* _Problem description_: In the records below, find the line that contains "sun baby Mädchenfahrrad" and the line that contains "DPS 10HP MY-PS-10"; write out exactly those two lines and everything between them, without the pictures.

* _Entries provided_:

##############################

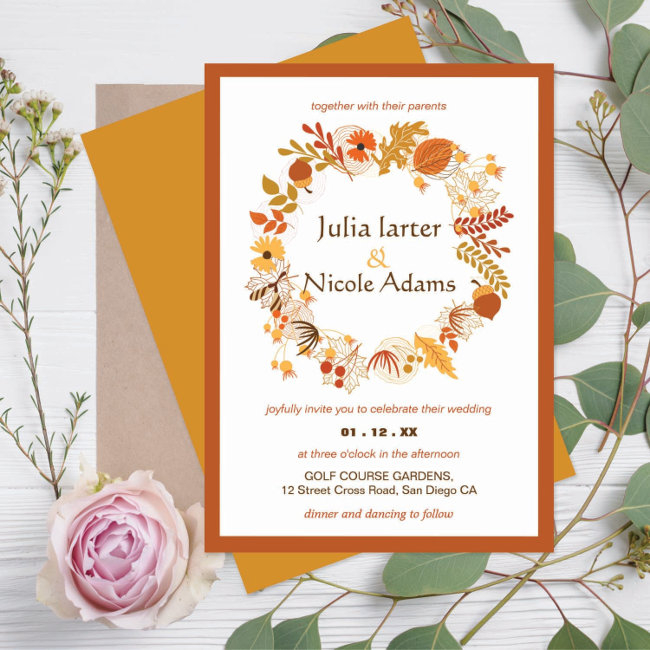 Bohemian Dried Rustic Floral Autumn Fall Wedding Invitation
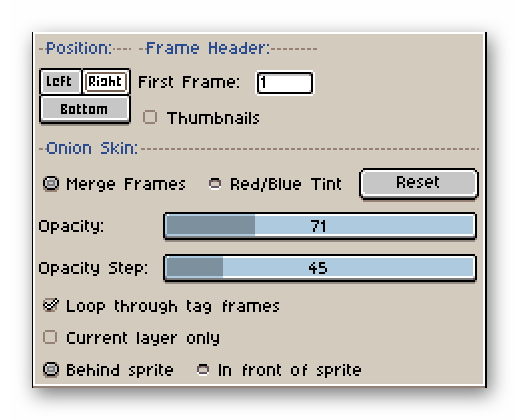 Настройки анимации Aseprite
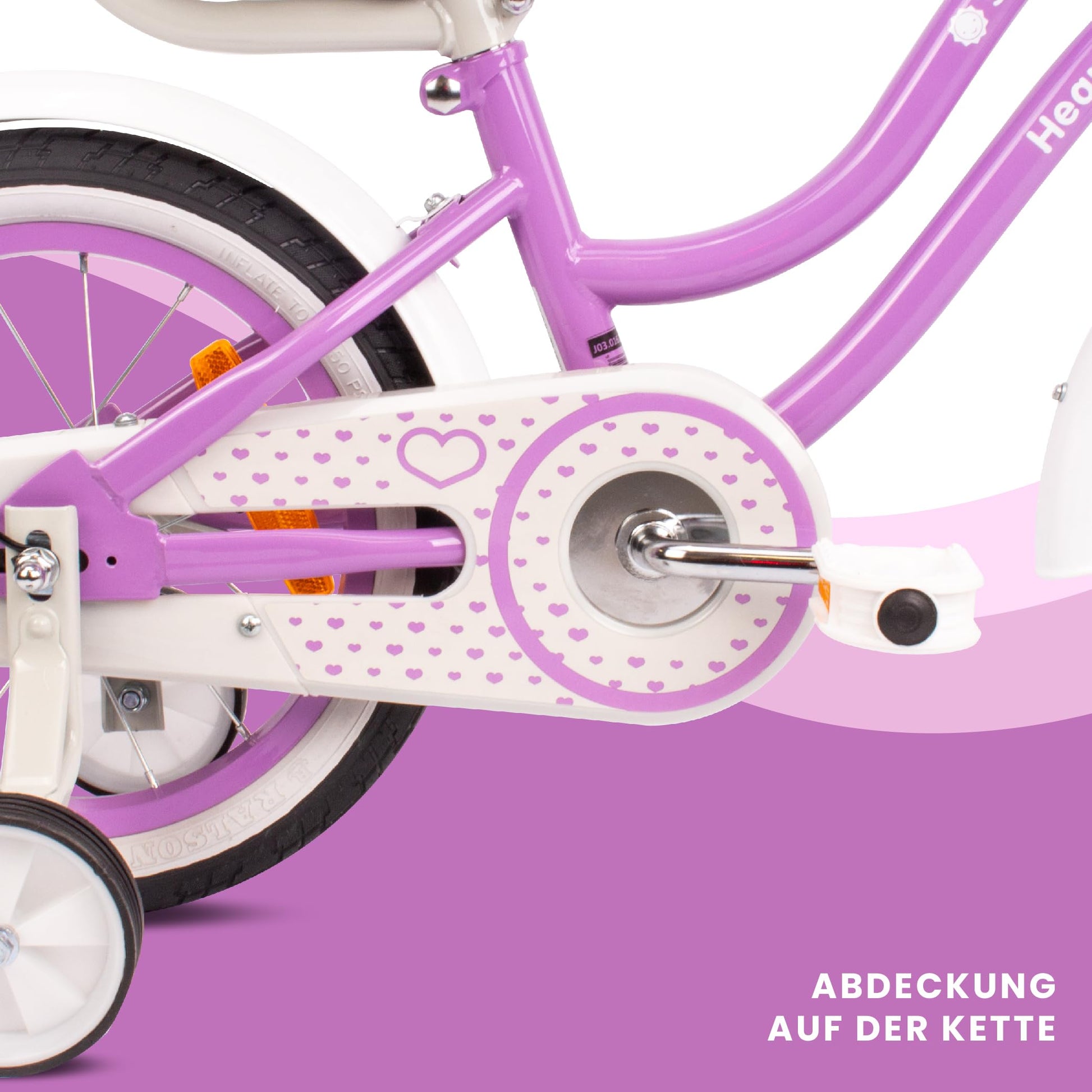 sun baby Mädchenfahrrad 12, 14 und 16 Zoll Radgröße Heart Bike zur Auswahl, mit Abnehmbarer Schubstange, Kinderfahrrad für Mädchen von 2 bis 6 Jahre - Meloni2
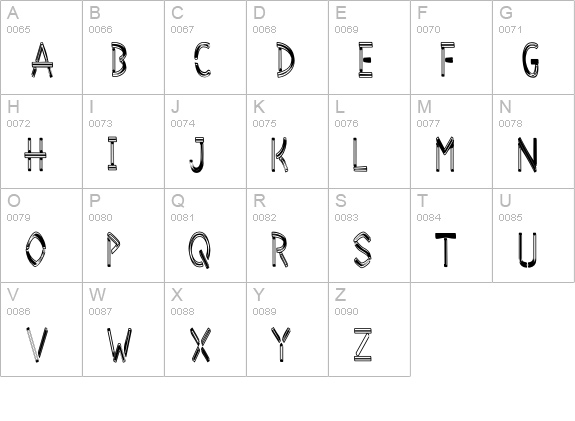 Desiderata Overwrought uppercase A-Z preview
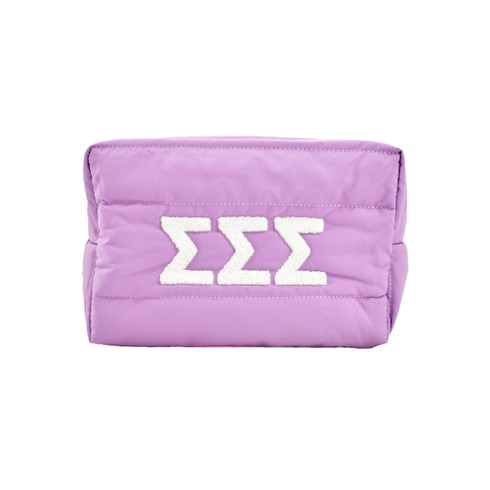 Sigma Sigma Sigma Tri-Sigma Sorority Makeup Bag- Puffer Style with Sorority Letters
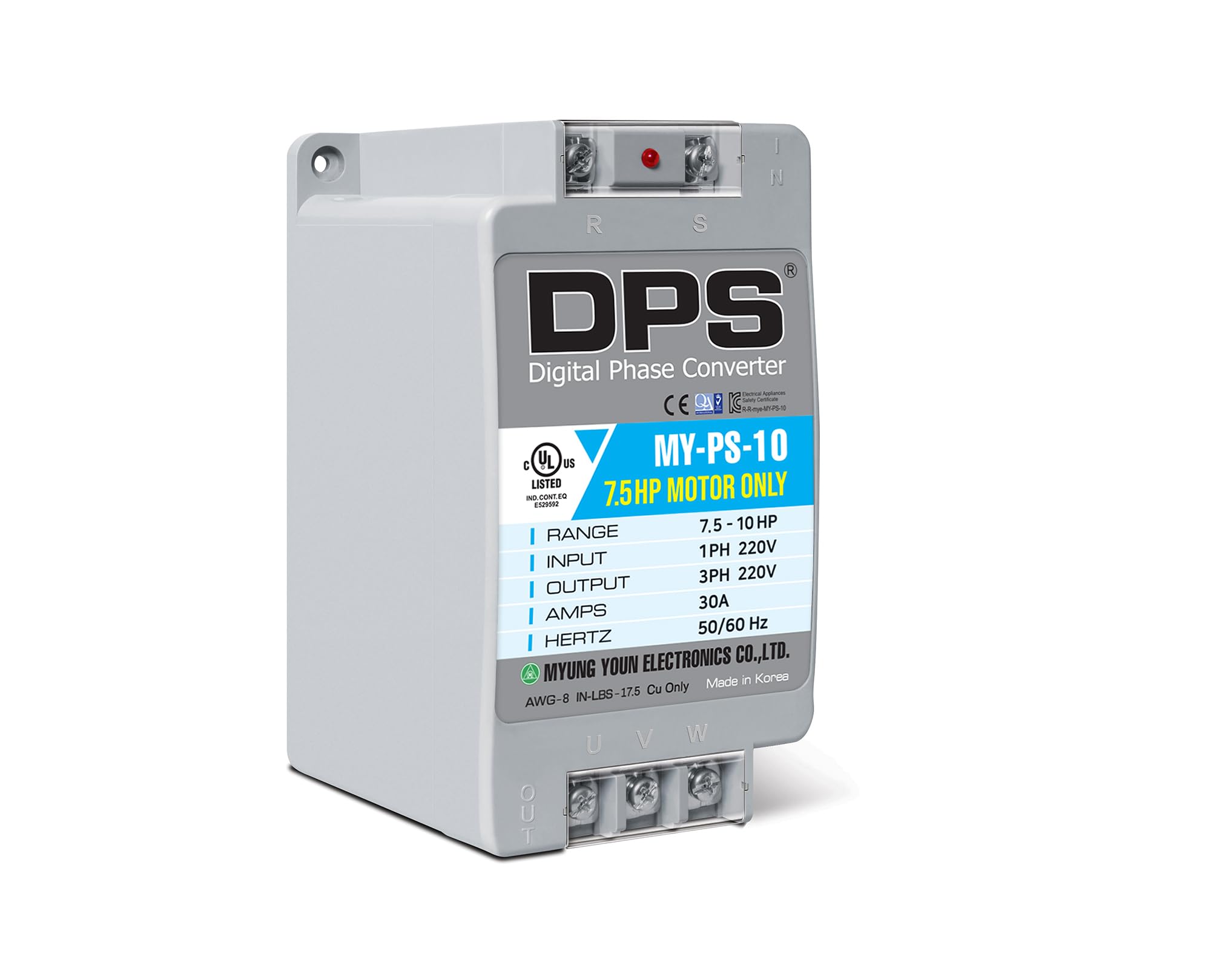 DPS 10HP MY-PS-10 Used for 7.5HP(5.5kW) 23A Motor, Single to 3 Phase Converter, 1 DPS Must Be Used for 1 Motor Only, Input/Output 200-240V, UL Listed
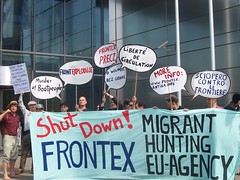 shut down frontex (in front of the frontex HQ)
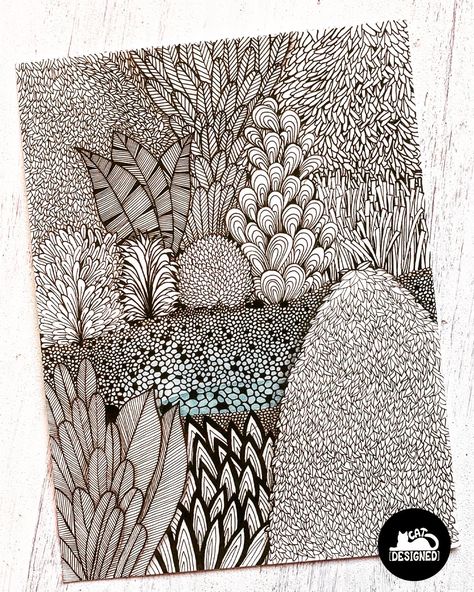 #design #graphic #illustration #zentangle #inkpen #handdrawing #nature #naturedrawing #treedrawing #leavesdrawing Landscape Zentangle, Artsy Kitchen, Zantangle Art, Zentangle Doodles, Landscape Pencil Drawings, Bored Art, Zentangle Doodle, Zen Doodle Patterns, Zen Tangle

##############################

* _Written answer_:
 sun baby Mädchenfahrrad 12, 14 und 16 Zoll Radgröße Heart Bike zur Auswahl, mit Abnehmbarer Schubstange, Kinderfahrrad für Mädchen von 2 bis 6 Jahre - Meloni2
 Desiderata Overwrought uppercase A-Z preview
 Sigma Sigma Sigma Tri-Sigma Sorority Makeup Bag- Puffer Style with Sorority Letters
 DPS 10HP MY-PS-10 Used for 7.5HP(5.5kW) 23A Motor, Single to 3 Phase Converter, 1 DPS Must Be Used for 1 Motor Only, Input/Output 200-240V, UL Listed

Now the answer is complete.